Figure 5. Cargo binding to the core BBSome with fluorescence polarization, measured by using fluorescently labeled peptides and the purified core BBSome.
(A,B) Fluorescent peptides, synthesized as described in methods, from the third intracellular loop of SSTR3 (SSTR3 CT1, SSTR3 CT2) or its C-terminal region (SSTR3 3ICL) were titrated with increasing concentrations of the core BBSome (filled black symbols) or equimolar mixtures of core BBSome with Arl6•GppNHp (open red symbols, A) or BBS1 (aa1-430) (open green symbols, B). All peptides were N-terminally labeled with fluorescein, with an exception of a C-terminally TMR-labeled SSTR3 CT1 peptide (orange squares) that was used as a control to exclude nonspecific binding events due to the used fluorophore.
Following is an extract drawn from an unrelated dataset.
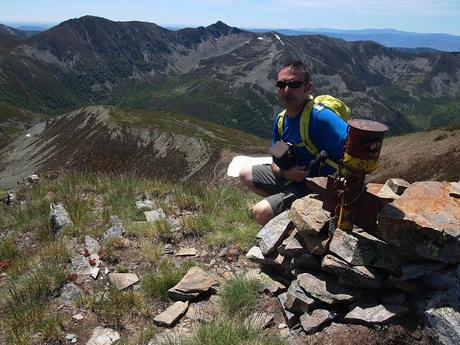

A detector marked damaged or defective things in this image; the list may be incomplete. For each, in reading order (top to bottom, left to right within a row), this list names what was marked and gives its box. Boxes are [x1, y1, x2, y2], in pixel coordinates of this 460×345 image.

rusty metal post [336, 119, 386, 231]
The increase in fluorescence polarization was fitted to a binding curve as described in the methods section, and the resulting maximal polarization from the fit was defined as 100% of peptide bound to the complex (fraction bound = 1). (Data points exceeding this mark might indicate secondary binding events at high BBSome concentrations). (C) Fluorescent peptides from the C-terminus of Smo (Smo CT1-4) and a truncated Smoothened construct (Smo F546-R665) were analyzed as described above. (D) The peptide SSTR3 CT2 that bound with highest affinity to the core BBSome was used as a template for the design and analysis of mutant peptides (SSTR3 CT3-9) with substitutions of one or multiple residues as indicated. Polarization experiments were performed as described above and dissociation constants (KD) are presented as ratios to the KD of the wild type peptide as a bar diagram. (E) Bar diagram of the relative affinities of SmoCT1 and CT3 relative to SmoCT4, as determined in C, and of mutant Smo CT4 peptides with substitutions as indicated.
Figure 5—figure supplement 1. Cargo binding to the core BBSome.
Figure 5—figure supplement 2. Mutational analysis of the BBSome binding peptides.